Barkindo, Sekjen OPEC tidak setuju jika OPEC dituntut meningkatkan produksi minyak mereka dengan mengatakan bahwa “tidak ada yang bisa menggantikan minyak Rusia. Dunia tidak memiliki kapasitas sebesar hilangnya 8 juta barel per hari dari Rusia.”
Ada analisis bahwa mungkin ada tambahan 2 juta dari 8 juta barel per hari akan berasal dari Arab dan Uni Emirat Arab. Namun sikap Arab dan Uni Emirat Arab tidak mau menerima “call dari Joe Biden” menunjukan kelihatannya rezim energi berbiaya tinggi akan muncul.
Arab dan Uni Emirat Arab tidak mau terburu-buru untuk memihak Amerika, para pemimpin Arab dan UEA tidak puas dengan kebijakan AS di Timur Tengah.
Solusi untuk Indonesia
Semua catatan tersebut menambah kekhawatiran dunia terkait harga minyak. Lantas apa yang harus dilakukan Indonesia?
Indonesia harus segera melakukan reorientasi terhadap kebijakan ketahanan energinya. Penggunaan energi fosil Indonesia yang sudah net importir harus dirombak. Kemandirian Energi harus segera diwujudkan. Indonesia harus segera mempercepat kemampuan konversi sawit CPOnya menjadi D100 (Diesel 100) dan Bensin100.
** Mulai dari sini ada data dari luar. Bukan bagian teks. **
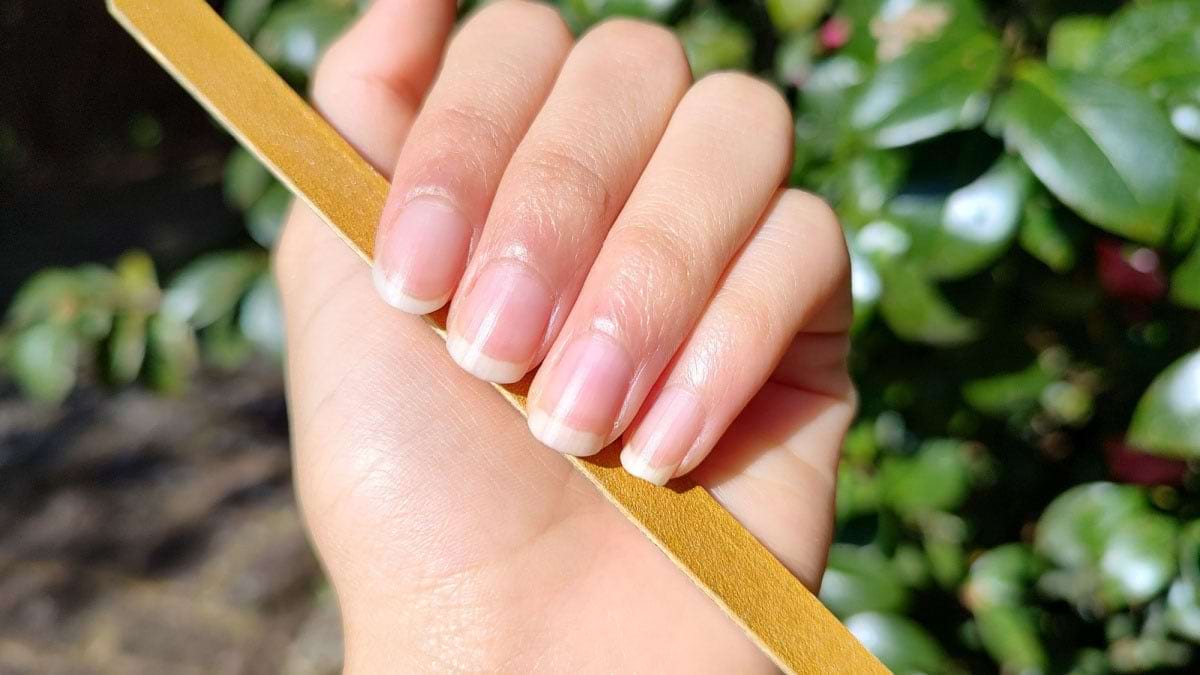 Modificările patologice ale unghiilor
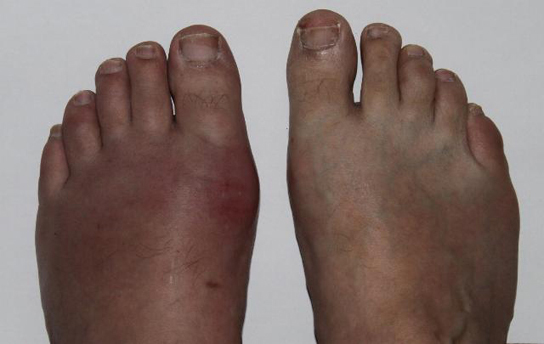 Photo shows a person's feet. One foot is swollen and red, while the other appears normal.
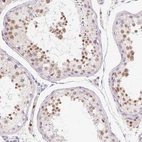 Immunohistochemical staining of human testis shows moderate nuclear positivity in cells in seminiferous ducts.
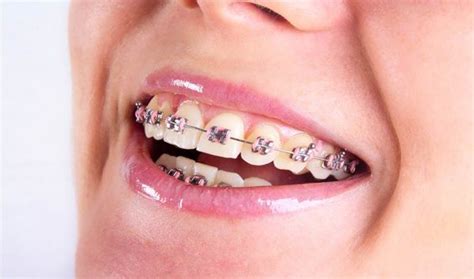 Biaya spesialis ortodonti  Perbedaan bahan pembuat aligner dan behel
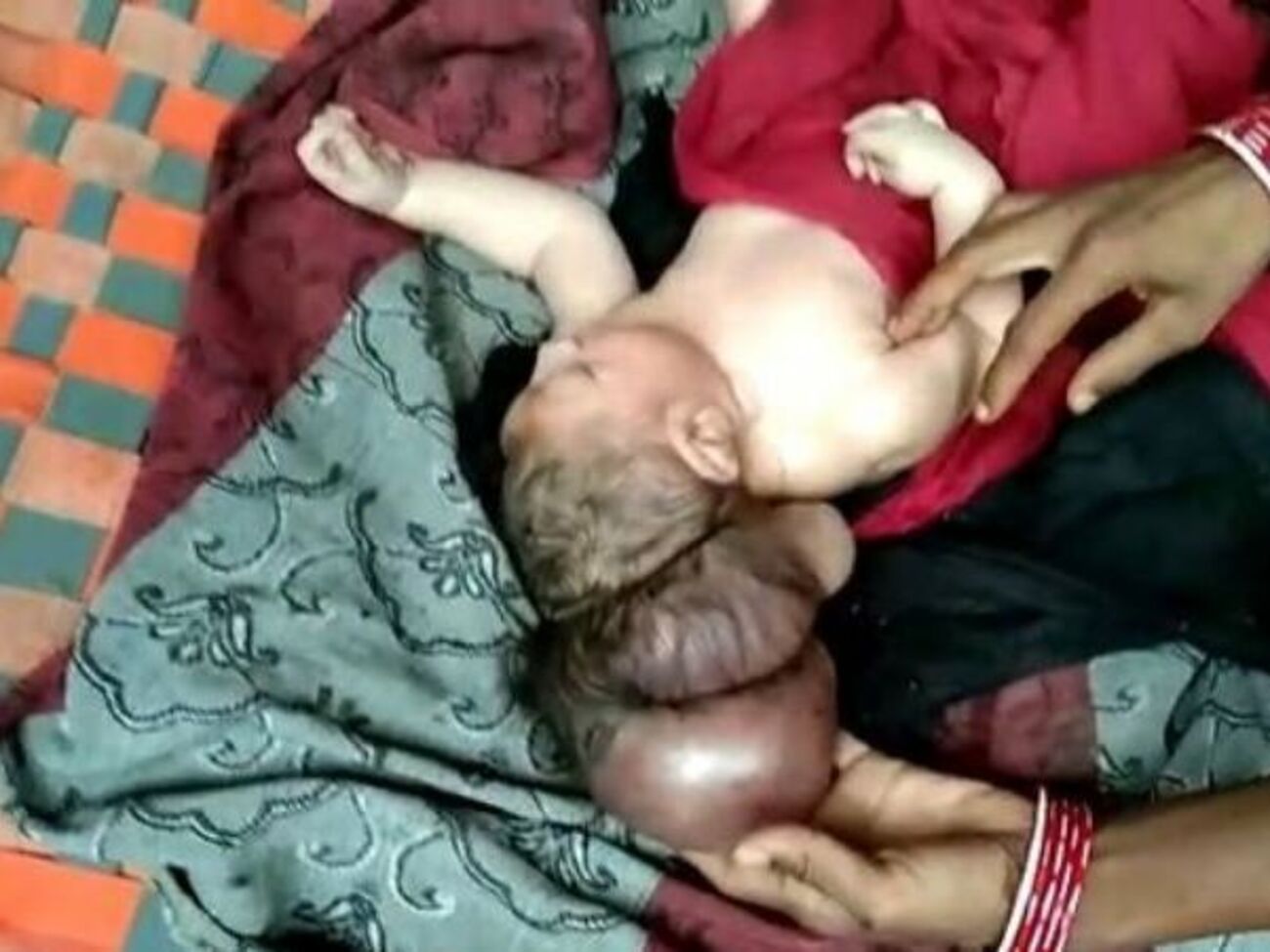 Новорожденный чувствует себя хорошо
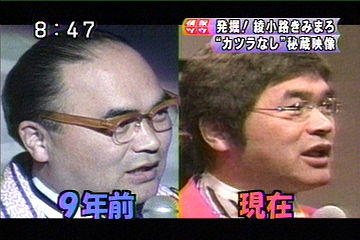 有名人！残念な髪型選手権！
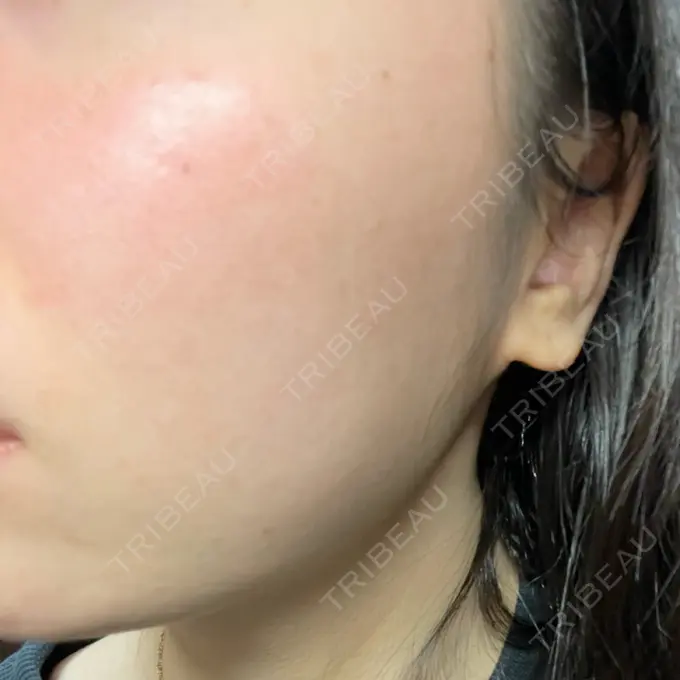 光治療（フォトフェイシャルなど） B-LINE CLINIC 池袋院 AFTER メイン用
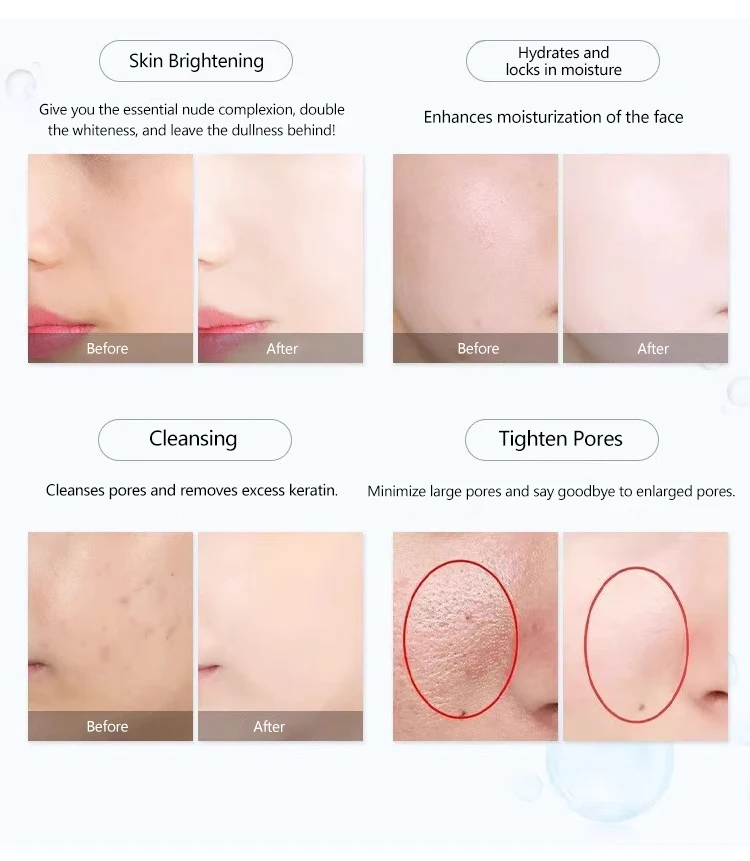 Non-Invasive Mesotherapy Cryo Lipolysis Cryo Machine Have Cool And Hot Therapy Contracts Capillaries Hot Electroporation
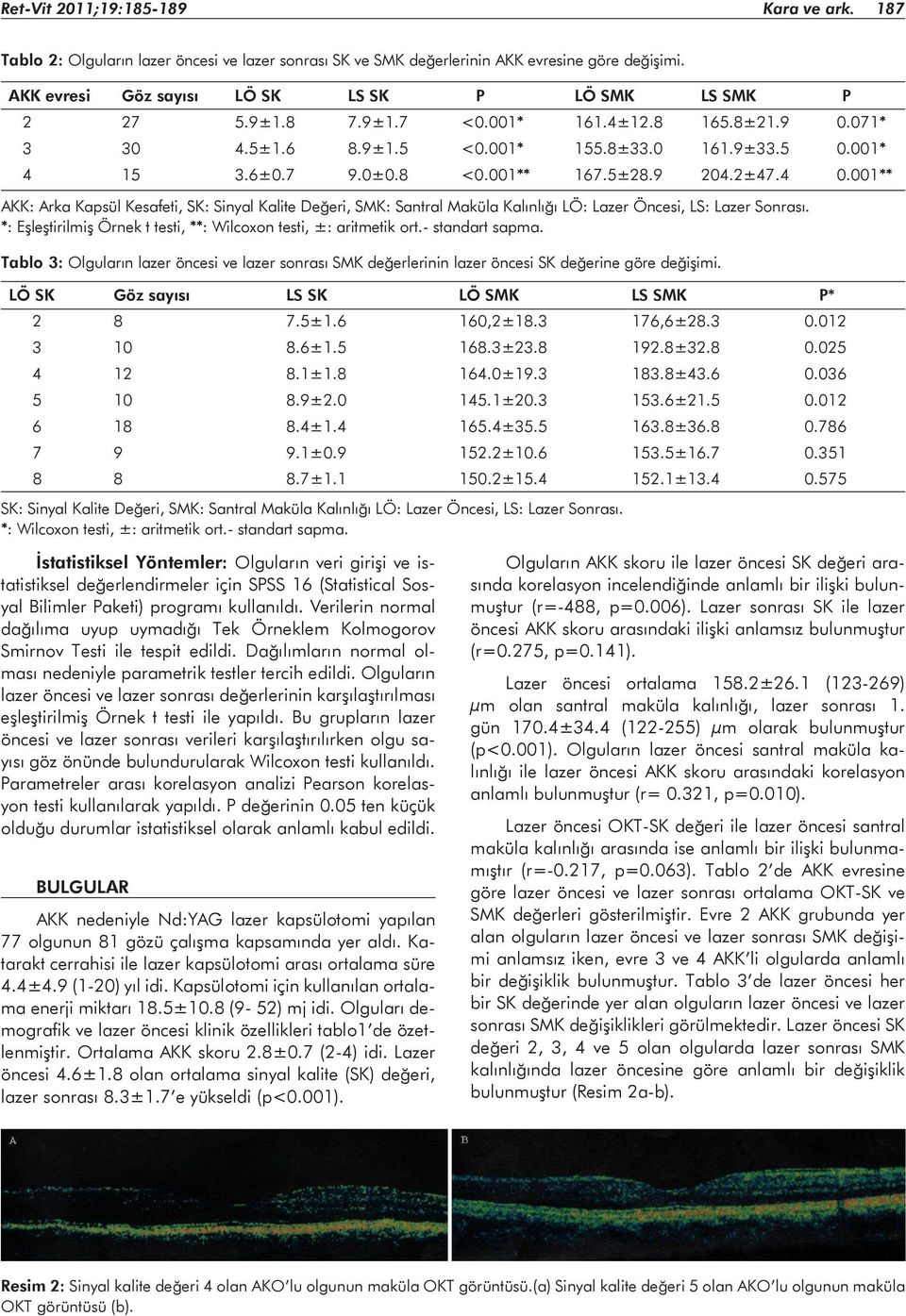 001** AKK: Arka Kapsül Kesafeti, SK: Sinyal Kalite Değeri, SMK: Santral Maküla Kalınlığı LÖ: Lazer Öncesi, LS: Lazer Sonrası. *: Eşleştirilmiş Örnek t testi, **: Wilcoxon testi, ±: aritmetik ort.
Kartel di dunia sawit harus diurai dan kemudian menjadikan konversi sawit menjadi prioritas kebijakan ekonomi. Indonesia harus menjadi negara pertama di dunia yang dapat mandiri dari energi fosil dalam waktu 1 tahun kedepan.
Hal tersebut sangat mungkin karena Indonesia adalah produksi CPO minyak sawit dunia terbesar di dunia. Indonesia harus segera bertindak jangan sampai menunggu harga minyak USD 200 per barel.
Kementerian ESDM, Kementerian Keuangan dan Kementerian BUMN harus melakukan koordinasi mempercepat konversi sawit menjadi bahan bakar diluar fosil bagi konsumsi dalam negeri dengan begitu Indonesia bisa selamat dari krisis energi yang dalam waktu dekat.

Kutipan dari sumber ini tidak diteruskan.